I am sorry for the mess. My main intention was to encourage dE to work for us.
Comment 18 Roman Eisele 2012-05-04 07:17:37 UTC
According to comment #11, this issue is not Calc-specific, therefore changed Summary accordingly to prevent misunderstandings.
Comment 19 Kohei Yoshida 2012-05-22 11:39:45 UTC
This will be fixed in 3.6.0.

http://cgit.freedesktop.org/libreoffice/core/commit/?id=552bebe6fa27fa58d07d87283a4b24e6052ab3d4

Why this was not fixed sooner?  Refer to my blog post.

http://kohei.us/2012/05/21/what-goes-on-when-loading-a-file/

I don't know who designed this piece of code, but it's horrendously complex and very easy to break.  It took me a few days to even start to understand the code, let alone come up with a "right" fix.

Now, I really hope that's indeed the right fix (i.e. that won't cause regression), but to the best of my ability that's the best and most sensible thing we can do there.

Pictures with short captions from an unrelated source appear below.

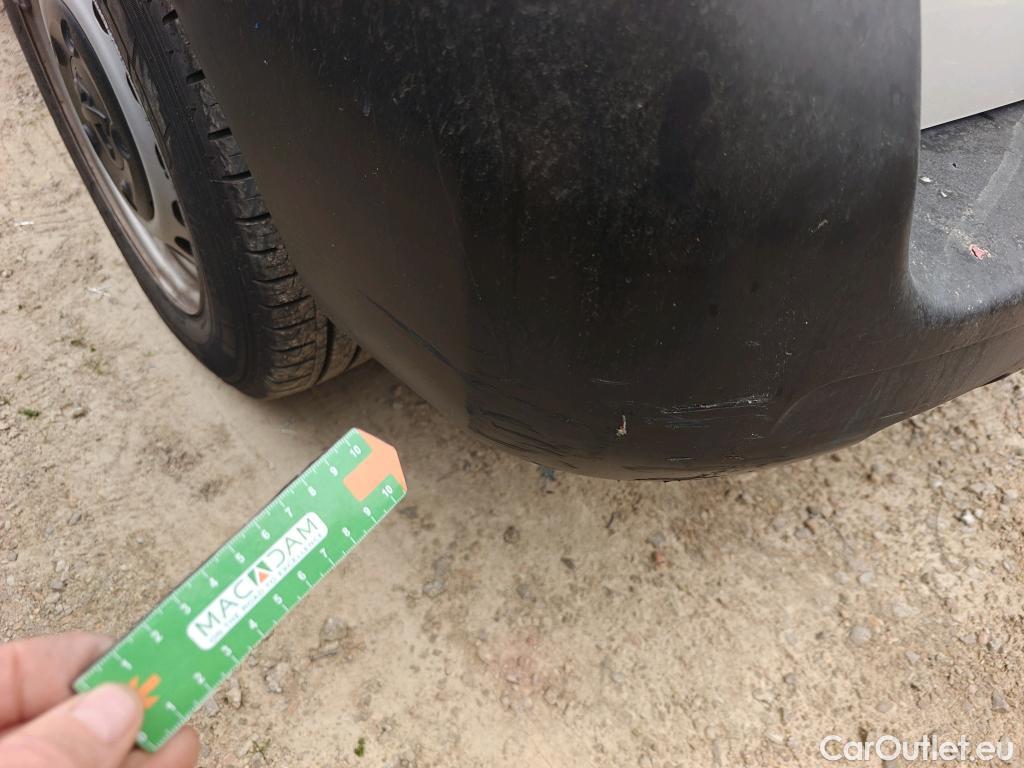  Peugeot  Expert PEUGEOT  / 2016 / 4P / furgón Furgón Pro 2.0 BlueHDi 120 S&S Standard #KMS APROXIMADOS 200000# #28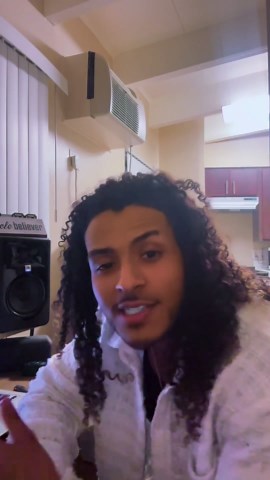 LeProtti on Instagram: "GO CRAZY piano cover 😤 . . . #piano #cover #chrisbrown #vocals #sing #rnb #explore #explorepage #share #like #comment #save"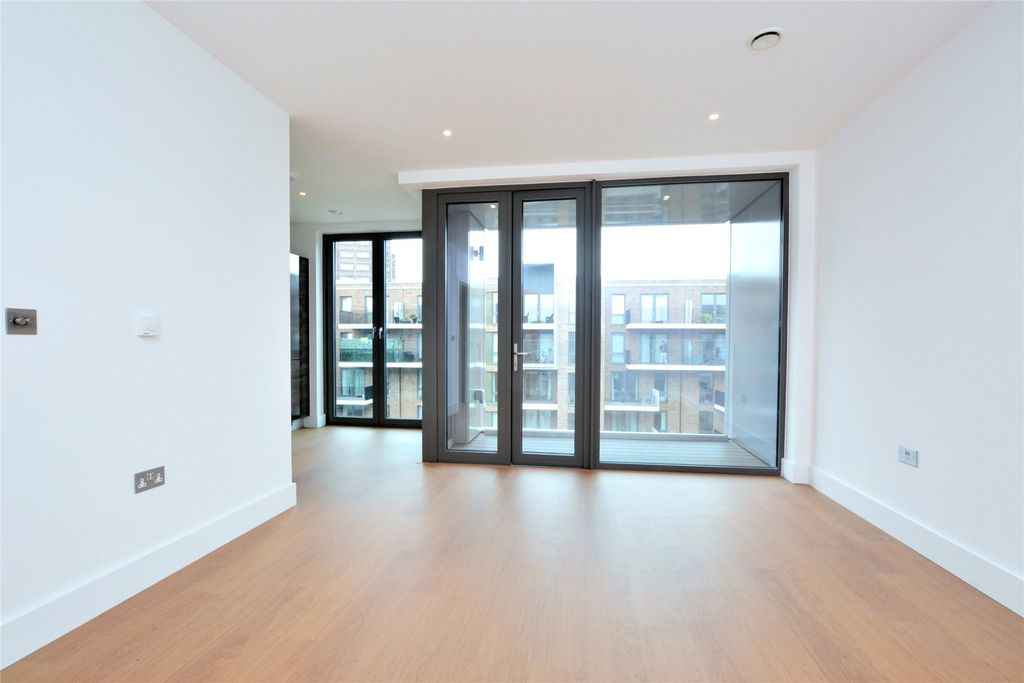 Property photo 2 of 9 Reception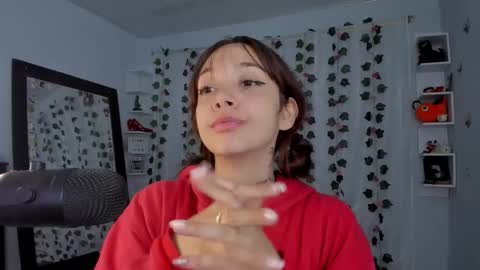 Snapshot of azumi_saan chatting on December 22, 3:03 am azumi saan online show from December 22, 3:03 am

The real mystery is how this code ever worked before.  The handling of pre-selected filter hadn't changed for ages.
Comment 20 Cor Nouws 2012-05-24 07:01:04 UTC
Hi Kohei,

(In reply to comment #19)
> This will be fixed in 3.6.0.


Ah wow!

> http://kohei.us/2012/05/21/what-goes-on-when-loading-a-file/

I saw that few days ago. So indeed, tough piece to dive in.

> Now, I really hope that's indeed the right fix (i.e. that won't cause
> regression), but to the best of my ability that's the best and most sensible
> thing we can do there.

We'll ping people to do the tests :-)

> The real mystery is how this code ever worked before.  The handling of
> pre-selected filter hadn't changed for ages.

If you can't see any change, who can? May have been some change at a different level in the code?
Comment 21 Cor Nouws 2012-05-24 07:03:33 UTC
(In reply to comment #20)
> 
> We'll ping people to do the tests :-)

He, I just see that the masterbuild I have, 
    version 3.6.0alpha0+ Build ID: 1bb9a60
does contain the patch.

Indeed works. Super!
Comment 22 Not Assigned 2012-10-23 15:40:01 UTC
Kohei Yoshida committed a patch related to this issue.
It has been pushed to "libreoffice-3-5":

http://cgit.freedesktop.org/libreoffice/core/commit/?id=dc9b4a29f1928fabcd4094942d32bc5985091838&g=libreoffice-3-5

rhbz#868953 fdo#45084 When the caller specifies filter type, stick to it


It will be available in LibreOffice 3.5.8.

The patch should be included in the daily builds available at
http://dev-builds.libreoffice.org/daily/ in the next 24-48 hours. More
information about daily builds can be found at:
http://wiki.documentfoundation.org/Testing_Daily_Builds
Affected users are encouraged to test the fix and report feedback.